Every line from the one holding "Building Photo - 3515 Ivy Commons Dr" to the end of the entries should be repeated exactly, with the pictures left out.

▸ **Data extracts**:
-=-=-=-=-

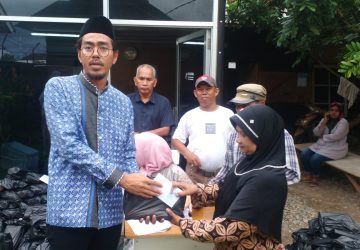 H. Ginno Irwan Bagikan Zakat dan 2000 Paket Lebaran Kepada Warga
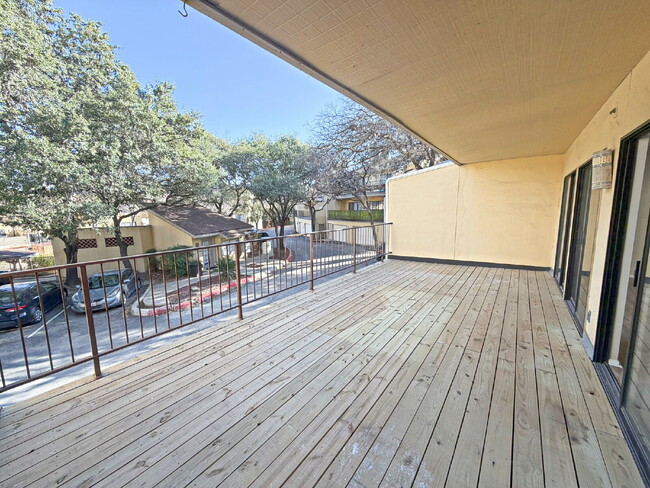 Building Photo - 8642 Fredericksburg Rd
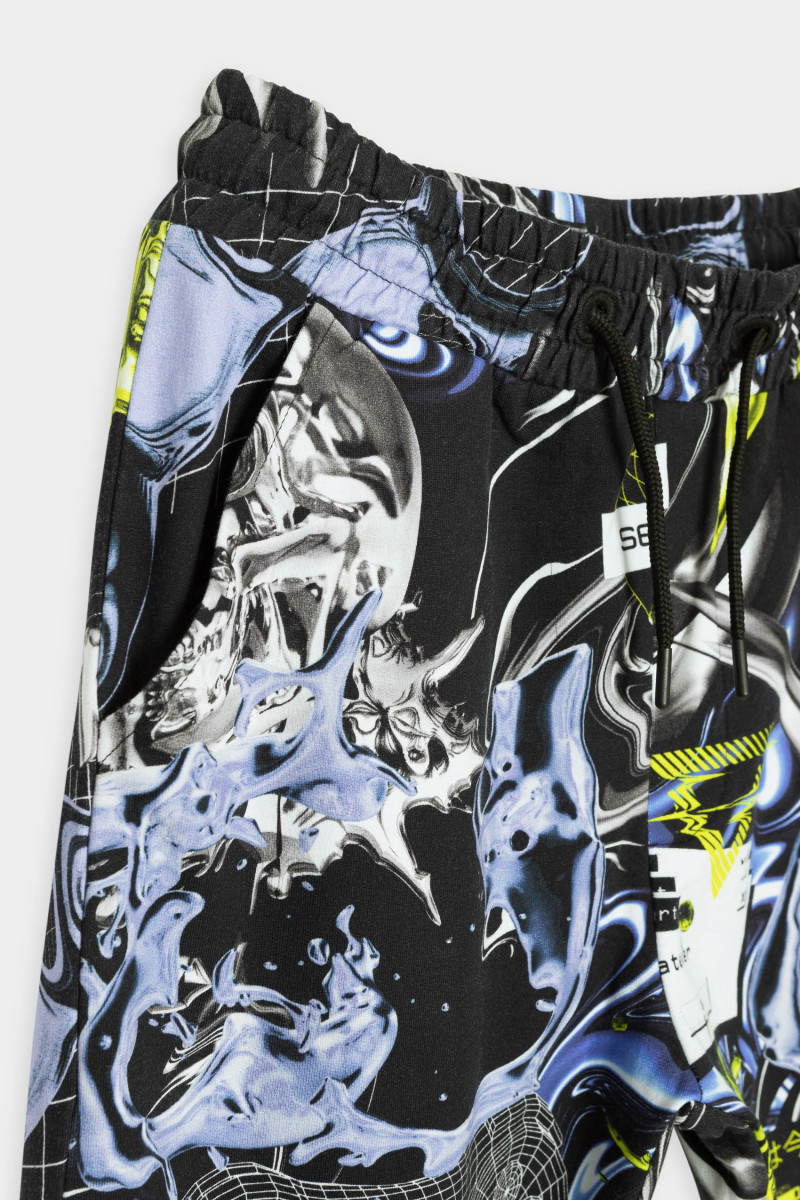 Wielobarwne spodnie dresowe z nadrukami na całości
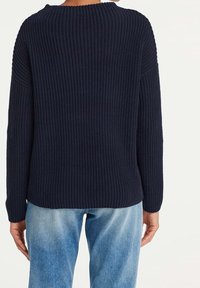 Granatowy sweter z dzianiny o prążkowanej fakturze i szerokich rękawach, z okrągłym dekoltem i krawędzią sięgającą powyżej bioder.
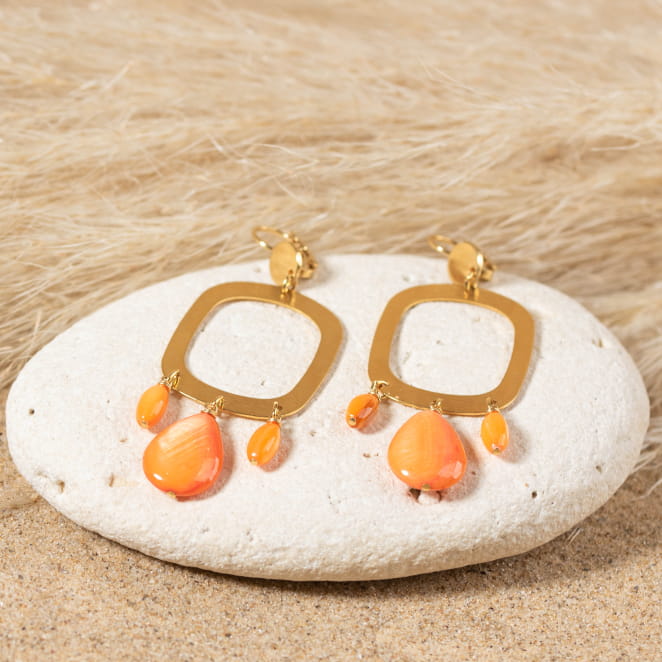 Retour de plage vous propose des colliers, bracelets, boucles d’oreilles, bracelets de chevilles, porte-clefs, parfums, cabas et bagues pour femme, homme et enfant pour que chacun trouve son bonheur.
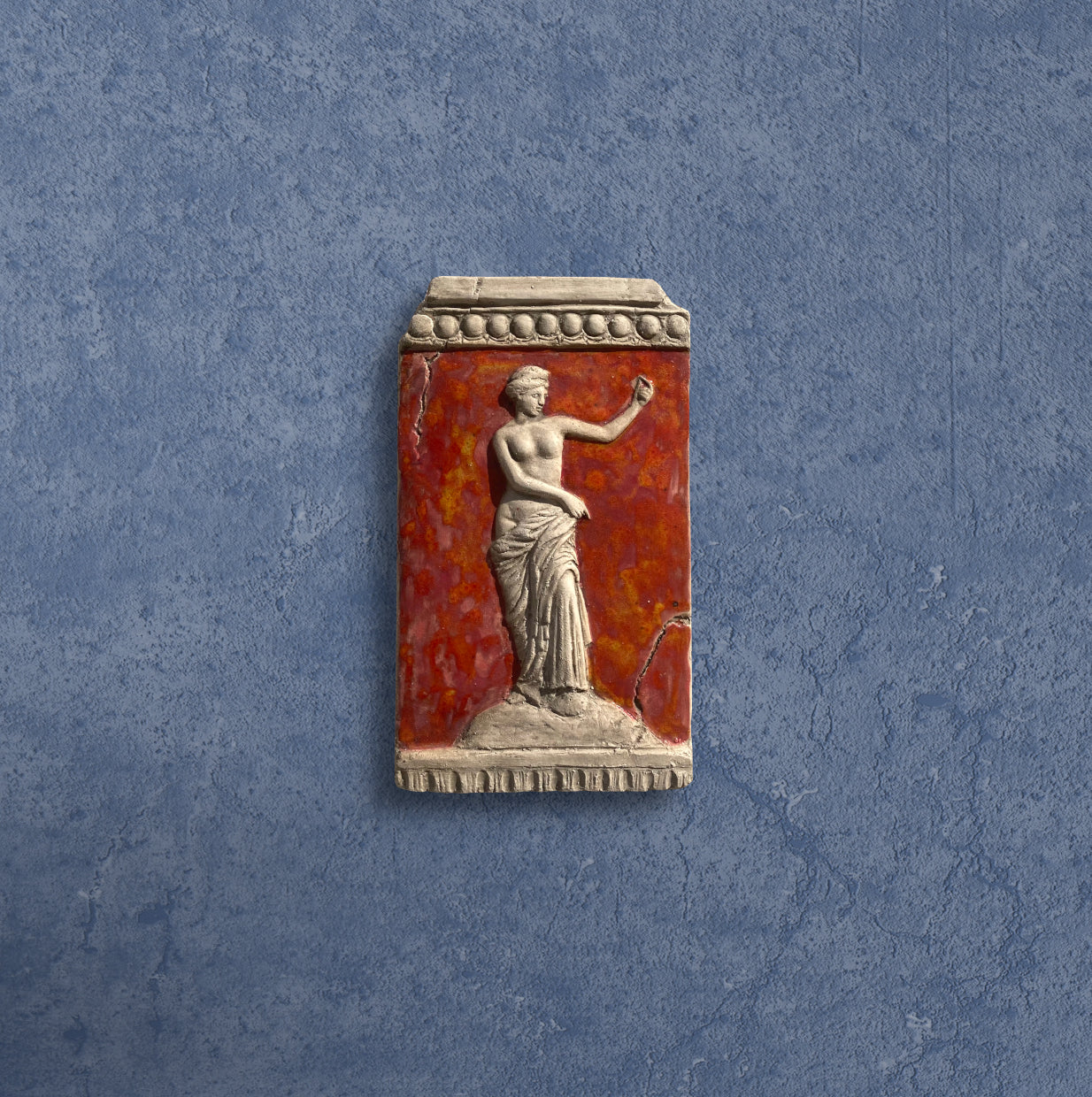 Venus, bemalte Skulptur aus Keramik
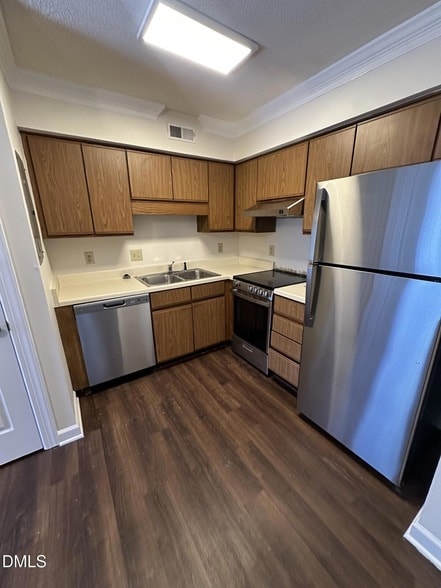 Building Photo - 3515 Ivy Commons Dr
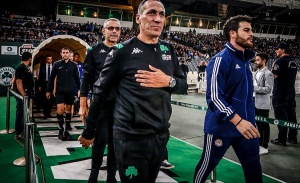 &Delta;ώ&nu;&eta;&sigmaf;: &laquo;&Epsilon;&kappa;&tau;έ&lambda;&epsilon;&sigma;&epsilon; &omicron; &Mu;&omicron;&lambda;ό &lambda;ό&gamma;&omega; &tau;&rho;έ&lambda;&alpha;&sigmaf;, &pi;&omicron;&lambda;&lambda;&omicron;ί &epsilon;ί&chi;&alpha;&nu; &tau;&eta; &mu;&epsilon;&tau;&alpha;&gamma;&rho;&alpha;&phi;ή &sigma;&tau;&omicron; &mu;&upsilon;&alpha;&lambda;ό &tau;&omicron;&upsilon;&sigmaf;&raquo;
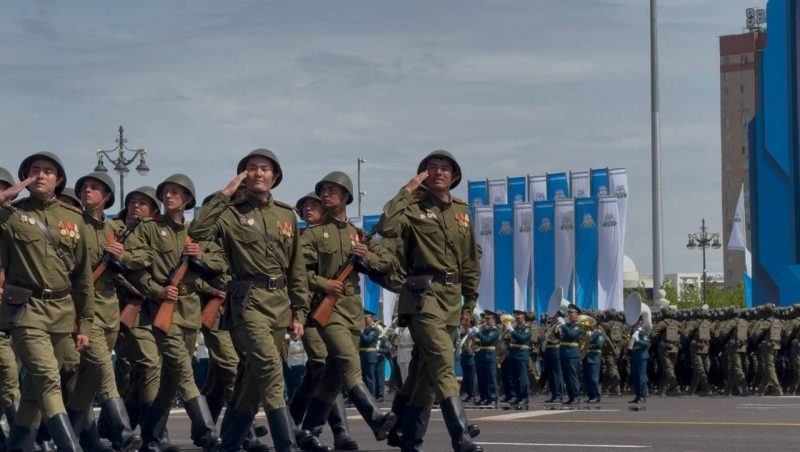 Дань памяти или политический жест? Как прошёл военный парад в Астане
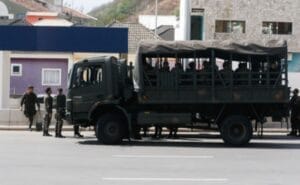 Militares começam a atuar em portos e aeroportos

-=-=-=-=-

▸ **Output for this exercise**:
 Building Photo - 3515 Ivy Commons Dr
 &Delta;ώ&nu;&eta;&sigmaf;: &laquo;&Epsilon;&kappa;&tau;έ&lambda;&epsilon;&sigma;&epsilon; &omicron; &Mu;&omicron;&lambda;ό &lambda;ό&gamma;&omega; &tau;&rho;έ&lambda;&alpha;&sigmaf;, &pi;&omicron;&lambda;&lambda;&omicron;ί &epsilon;ί&chi;&alpha;&nu; &tau;&eta; &mu;&epsilon;&tau;&alpha;&gamma;&rho;&alpha;&phi;ή &sigma;&tau;&omicron; &mu;&upsilon;&alpha;&lambda;ό &tau;&omicron;&upsilon;&sigmaf;&raquo;
 Дань памяти или политический жест? Как прошёл военный парад в Астане
 Militares começam a atuar em portos e aeroportos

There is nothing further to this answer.